# I hope I can help save this poor colt



## Endiku (Dec 6, 2010)

Poor little guy! If the humane society won't do anything, you might want to try a private rescue organization and get the media involved.


----------



## KyMoMoF3CuTiEs (Feb 5, 2013)

Poor guy! Keep is posted about him.
_Posted via Mobile Device_


----------



## Dreamcatcher Arabians (Nov 14, 2010)

Call the county sheriff and if they won't move call the TV, channel 9 in OKC does these stories fairly frequently.


----------



## waresbear (Jun 18, 2011)

People who keep their property like a junkyard, with starving animals decorating the landscape are not right in the head. Good luck rescuing this poor animal, so so sad!
_Posted via Mobile Device_


----------



## tinyliny (Oct 31, 2009)

JEEZ! and all that green grass on this side of his fence! Def . call the SPCA or humane society. That is not acceptable!


----------



## Peppy Barrel Racing (Aug 16, 2011)

I called the humane society 2 weeks ago. I called them today so hopefully they will call me back today or tomorrow and see if I can get some sort of update. If they won't do anything I'll call the sheriff's department next since the are outside city limits.
_Posted via Mobile Device_


----------



## dlpark2 (Mar 6, 2013)

OMG, the poor thing!!! Call the cops, the media, ASPCA, anyone you can think off....that poor horse needs to get out of there ASAP! Keep us posted.


----------



## demonwolfmoon (Oct 31, 2011)

OH dear god, offer them $50 bucks for the poor thing and it'd probably save him a lot faster than calling AC =/

It's a crap thing to have to resort to, but honestly by the time the respective "helping" agencies get going, he's going to be feet up in the air.

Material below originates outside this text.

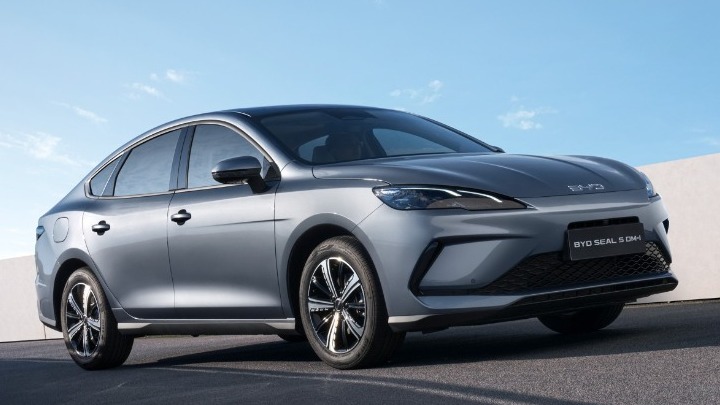Το Seal 5 DM-i είναι το πρώτο plug-in υβριδικό μοντέλο με sedan αμάξωμα της BYD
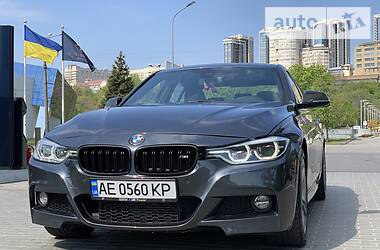 Седан BMW 3 Series 2015 в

^the above is assuming there is no illness making him look like that, but if the surroundings are not that wholesome, it's probably just neglect


----------



## dlpark2 (Mar 6, 2013)

demonwolfmoon said:


> OH dear god, offer them $50 bucks for the poor thing and it'd probably save him a lot faster than calling AC =/
> 
> It's a crap thing to have to resort to, but honestly by the time the respective "helping" agencies get going, he's going to be feet up in the air.
> 
> ^the above is assuming there is no illness making him look like that, but if the surroundings are not that wholesome, it's probably just neglect


 I just said that to my husband after I posted what I posted that I would even be more proactive and been on their front porch offering them money for the horse.


----------



## cakemom (Jul 4, 2010)

That's what Flicka looked like when we got her!! Same situation. Bribed with $100 to get her out of hell.
_Posted via Mobile Device_


----------



## Peppy Barrel Racing (Aug 16, 2011)

Honestly it's a pretty shady looking trailer and they also have a bunch of barrels with roosters in them so I'm thinking they keep fighting roosters. They don't seem like the type to let me walk up and offer them money. I'd be afraid to walk up to the door at this place. It's a shaby trailer with trash everywhere. It doesn't really scream visitors welcome and I don't want to get shot lol.
_Posted via Mobile Device_


----------



## Northernstar (Jul 23, 2011)

Then go for it, if you can!! When you approach the 'owners' of that poor sweet thing, be genuine and as 'nonchalant' as possible - don't exchange names, etc. unless you think a sale is happening. That way, if they refuse,_ *you can call the humane society* *every single day afterwards* *until*_* they re-home him* - make yourself _"The squeaky wheel that gets_ _the grease"._ Best of luck, and good for you to care for this poor little guy 
**Just saw your reply about their "residence"..... Maybe walk up casually and say, "Hey, that's a cool horse you have! I'll give you $50.00 for him!" Scratch something out on paper, give them the money and take him away on the spot.....


----------



## dlpark2 (Mar 6, 2013)

Peppy Barrel Racing said:


> Honestly it's a pretty shady looking trailer and they also have a bunch of barrels with roosters in them so I'm thinking they keep fighting roosters. They don't seem like the type to let me walk up and offer them money. I'd be afraid to walk up to the door at this place. It's a shaby trailer with trash everywhere. It doesn't really scream visitors welcome and I don't want to get shot lol.
> _Posted via Mobile Device_


 The best type, bring someone with you, preferably male, go up to the trailer offer them whatever you can afford to offer them. They will probably take it so they can get their next fix on whatever drug they are taking. Get the horse out of there and then keep reporting them!


----------



## demonwolfmoon (Oct 31, 2011)

dlpark2 said:


> The best type, bring someone with you, preferably male, go up to the trailer offer them whatever you can afford to offer them. They will probably take it so they can get their next fix on whatever drug they are taking. Get the horse out of there and then keep reporting them!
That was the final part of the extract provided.